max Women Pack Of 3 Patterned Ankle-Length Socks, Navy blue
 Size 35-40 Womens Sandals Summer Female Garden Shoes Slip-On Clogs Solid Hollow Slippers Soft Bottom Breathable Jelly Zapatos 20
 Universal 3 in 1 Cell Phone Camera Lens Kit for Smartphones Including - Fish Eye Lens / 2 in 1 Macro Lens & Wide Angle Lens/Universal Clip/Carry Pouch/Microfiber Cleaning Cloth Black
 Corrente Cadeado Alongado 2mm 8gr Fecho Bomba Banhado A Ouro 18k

_What the exercise asks_
Give the complete listing again, exactly as it appears above.

_Answer to this exercise_
max Women Pack Of 3 Patterned Ankle-Length Socks, Navy blue
 Size 35-40 Womens Sandals Summer Female Garden Shoes Slip-On Clogs Solid Hollow Slippers Soft Bottom Breathable Jelly Zapatos 20
 Universal 3 in 1 Cell Phone Camera Lens Kit for Smartphones Including - Fish Eye Lens / 2 in 1 Macro Lens & Wide Angle Lens/Universal Clip/Carry Pouch/Microfiber Cleaning Cloth Black
 Corrente Cadeado Alongado 2mm 8gr Fecho Bomba Banhado A Ouro 18k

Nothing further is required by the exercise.